__Title__

**[R] minbound** -- Minimize a scalar function on a range

__Syntax__

**minbound** *progname***,** __ran__**ge(***#1 #2***)** [ **from(***#***)** __arg__**uments(***str***)** __tol__**erance(***#***)**
__iter__**ate(***#***)** __miss__**ing** __tr__**ace** ]

__Description__

**minbound** minimizes a smooth scalar function on a range using function
values only (Brent 1973). The function *progname* should be implemented as
an rclass program; it should accept as the first argument the value x
with respect to which the function is to be evaluated, as well as
optional other arguments transferred with the option **arguments()**; and it
should return the function value in **r(fx)**.

__Options__

**range(***#1 #2***)** is not optional; it specifies the range over which the
function is to be minimized. #1 and #2 may be literals or
expressions and should be separated by a comma or space.

**from(***#***)** specifies an initial value. It should satisfy the range
conditions.

**arguments(***str***)** specifies optional arguments for *progname*. Multiple
arguments are separated by spaces.

**tolerance(***#***)** specifies the tolerance for the minimizer x. The default is
1e-5.

**iterate(***#***)** specifies the maximum number of iterations. The default is
100.

**missing** specifies that missing values returned by *progname* be treated as
ordinary values (that is, larger than any nonmissing values). The
default behavior is that missing function values are an error.

**trace** displays an iteration trace.

__Examples__

We want to minimize the quadratic function f(x) = x^2.

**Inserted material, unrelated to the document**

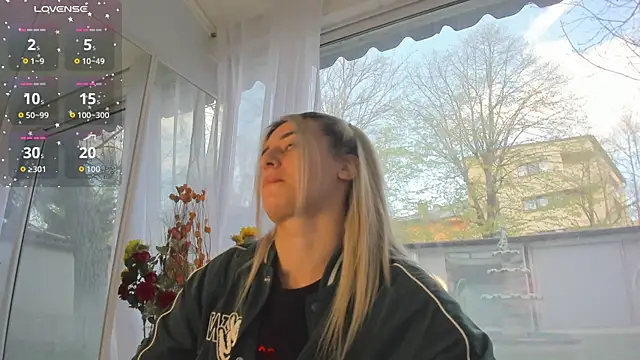 Ella Vee online show from April 8, 2026, 5:29 am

**. program quadratic, rclass**
** return scalar fx = (`1')^2**
** end**

**. minbound quadratic, range(0 2)**
**. minbound quadratic, range(-4 4) from(2) trace**

Note: We suggest that you code the program **quadratic** somewhat less
concisely as

**. program quadratic, rclass**
** version 9**
** args x**
** return scalar fx = (`x')^2**
** end**

We can also write a more general function that minimizes a general
quadratic function ax^2+bx+c with respect to x.

**. program quadratic2, rclass**
** version 9**
** args x a b c**
** return scalar fx = `a'*(`x')^2 + `b'*`x' + `c'**
** end**

To minimize 2x^2-3x+1 with respect to x on [-100,100], you type

**. minbound quadratic2, range(-100 100) arg(2 -3 1)**

We can also minimize the inverted U-shaped parabola -2x^2+3x+1 with
respect to x on [-1,1] -- the minimizer is at the boundary of the range,

**. minbound quadratic2, range(-1 1) arg(-2 3 1)**

__Stored results__

**minbound** stores the following in **r()**:

**r(x)** minimizer
**r(fx)** function value in x
**r(gx)** first-order derivative of f with respect to x
**r(hx)** second-order derivative of f with respect to x

__References__

Brent, R. P. 1973. *Algorithms for Minimization without Derivatives*.
Englewood Cliffs, NJ: Prentice Hall. (Reprinted in paperback by
Dover Publications, Mineola, NY, January 2002.)

Press, W. H., B. P. Flannery, S. A. Teukolsky, and W. T. Vetterling.
1989. *Numerical Recipes in Pascal: The Art of Scientific Computing*.
Cambridge: Cambridge University Press.